The thinning ranks of bankers have hit Lan Kwai Fong.
More than a thousand bankers, many of them expatriates, are estimated to have lost their jobs since the beginning of the year. Most have already packed their bags and left.
Firms that have sacked staff include Credit Suisse First Boston, Dresdner Kleinwort Wasserstein and Merrill Lynch.
Banks wielding the axe after the Sept. 11 attacks on the US include Nomura International Securities, ABN AMRO and the Bank of China.
That has cast gloom over the clutch of glitzy bars and fancy restaurants in Lan Kwai Fong, a patch of narrow streets nestled above the central banking district usually packed with people from Hong Kong's 148 licensed banks, 106 of which are foreign.
Dubbed "matchmakers' lane" in the 1950s, Lan Kwai Fong is still a popular place to meet strangers.
But just a handful now linger where music blasted from bars and scores of revellers once packed streets through the week.
Bar and restaurant owners say business has slowed, with many lamenting a near 30 percent drop in revenues from a year ago.
"It's quieter these days, especially during weekdays. There are less tourists and bankers and they are not spending as much as they did before," said a waitress at trendy bar La Dolce Vita.
The Hong Kong Tourism Board says visitors to the territory fell 2.1 percent in September on the year, and the figure is expected to get worse.
"They are spending a little less and a little more wisely," said Richard Feldman, chairman of the Lan Kwai Fong Association, who owns four bars and restaurants in the area.
Music still throbs at popular hangouts like Al's Dinner, Insomnia and Club 97 but conversations no longer focus on the next multi-million dollar deal.
They're more likely to be about who's next in line for the chop.
In Wing Wah lane, where tables crammed in open-air cobbled walkways were packed with patrons keen on relatively inexpensive Thai and Malaysian delicacies, business has also suffered.
Allan Zemen, who owns 22 of the 90 restaurants and clubs in the area, compared business conditions during the 1997 Asian financial crisis and the current downturn.
"During the previous crisis, things were different," said Zemen, who has been based in Hong Kong for the past 30 years. "Then, Asia was hit and Hong Kong was suffering mainly from a lack of Japanese tourists. Conditions in the US and Europe were all right then."

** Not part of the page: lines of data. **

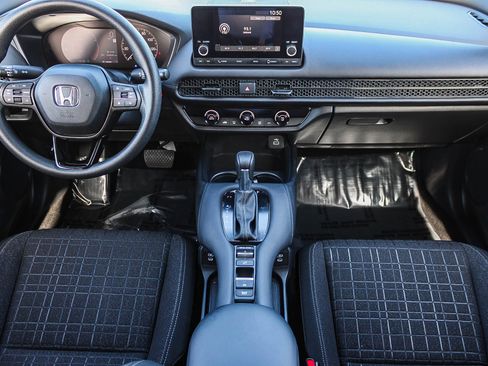 Certified 2024 Honda HR-V LX image 13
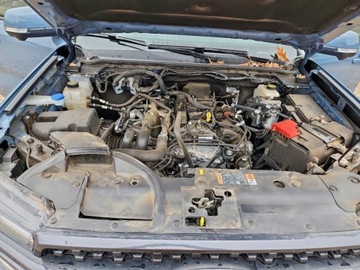 Ford Ranger VI 2024 Ford Ranger Lariat 2024 2.3l 2.3 Benzyna 270KM, zdjęcie 6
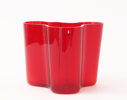 Vas, "Savoy", Alvar Aalto för Iittala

"In this crisis every country is affected, and the worst is we are not through with this crisis. It's pain on top of pain, especially for most property owners who have not yet recovered from the first crisis."
Still, Zemen, 52, whose business has weathered the Asian financial crisis and the dotcom collapse, is optimistic that he will survive.
"Even if there is a drop, it might just be 5 percent or so because people are definitely hurting," he said, referring to revenues. "And yet because it is a special place even if things are bad, people still do come out for a drink."
Only now they may be drowning their sorrows.